As part of AMD’s Financial Analyst Day 2022, it has provided us with a look at the company’s desktop client CPU roadmap as we advance towards 2024. As we already know, AMD’s latest 5 nm chips based on its Ryzen 7000 family are expected to launch in Fall 2022 (later this year), but the big news is that AMD has confirmed their Zen 5 architecture will be coming to client desktops sometime before the end of 2024 as AMD’s “Granite Ridge” chips.

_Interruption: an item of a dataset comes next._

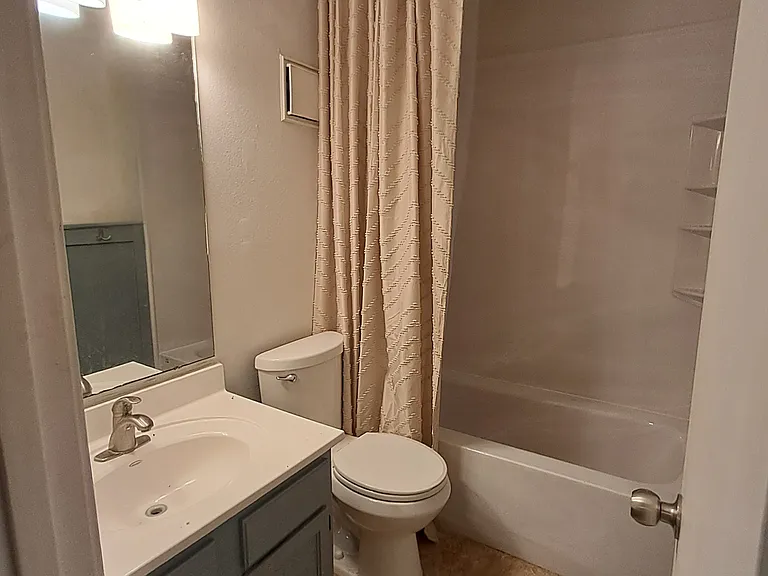 11441 Atwood Way — Photo 12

At Computex 2022, during AMD’s Keynote presented by CEO Dr. Lisa Su, AMD unveiled its Zen 4 core architecture using TSMC’s 5 nm process node. Despite not announcing specific SKUs during this event, AMD did unveil some expected performance metrics that we could expect to see with the release of Ryzen 7000 for desktop. This includes 1 MB per core L2 cache, which is double the L2 cache per core with Zen 3, and up to a 15% performance uplight in single-threaded IPC performance. 

AMD 3D V-Cache Coming to Ryzen 7000 and Beyond

One key thing to note with AMD’s updated client CPU roadmap, it highlights some more on what to expect with its Zen 4 core, which is built on TSMC’s 5 nm node. AMD is expecting 8-10% IPC gains over Zen 3, on top of their previously announced clockspeed gains. As a result, the company is expecting single-threaded performance to improve by at least 15%, and by even more for multi-threaded workloads.

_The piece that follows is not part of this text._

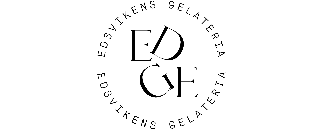 Edsvikens Gelato AB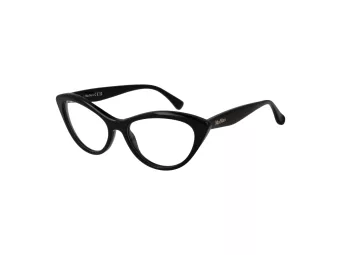 Max Mara Naočare MM 5083 001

Meanwhile AMD’s 3D V-Cache packaging technology will also come to client desktop Zen 4. AMD is holding any further information close to their chest, but their current roadmap makes it clear that we should, at a minimum, expect a successor to the the Ryzen 7 5800X3D.

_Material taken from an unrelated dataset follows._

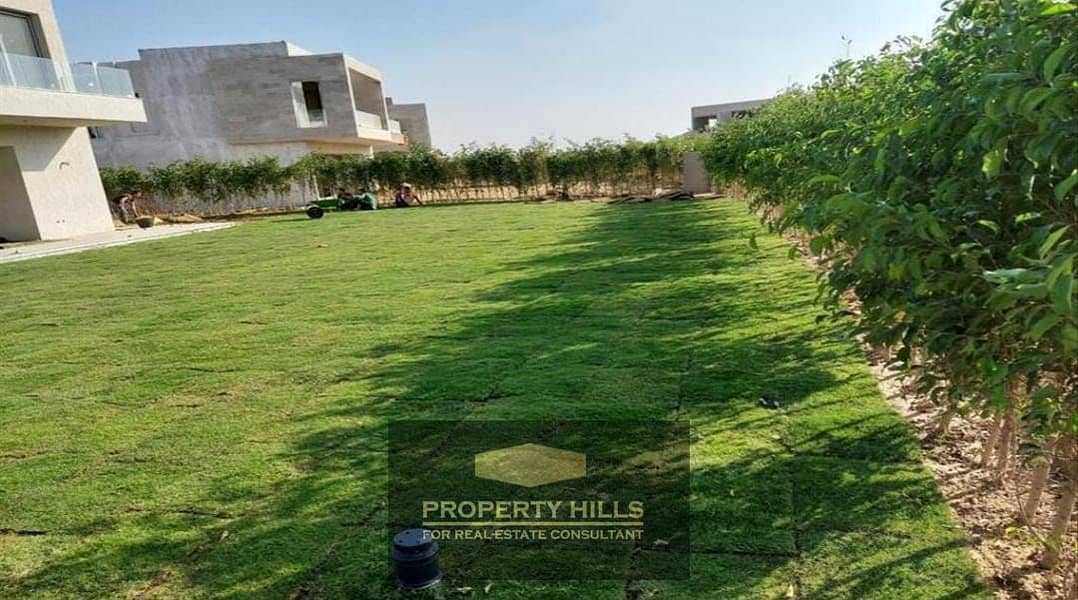 6 WhatsApp Image 2024-07-07 at 3.59. 18 PM (2). jpeg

AMD Zen 5 For Client Desktop: Granite Ridge

The updated AMD client CPU roadmap until 2024 also gives us a time frame of when we can expect its next-generation Zen 5 cores. Built on what AMD is terming an “advanced node” (so either 4 nm or 3 nm), Zen 5 for client desktops will be Granite Ridge.

At two years out, AMD isn’t offering any further details than what they’ve said about the overall Zen 5 architecture thus far. So while we know that Zen 5 will involve a significant reworking of AMD’s CPU architecture with a focus on the front end and issue width, AMD isn’t sharing anything about the Granite Ridge family or related platform in particular. So sockets, chipsets, etc are all up in the air.

But for now, AMD’s full focus is on the Zen 4-based Ryzen 7000 family. Set to launch this fall, 2022 should end on a high note for the company.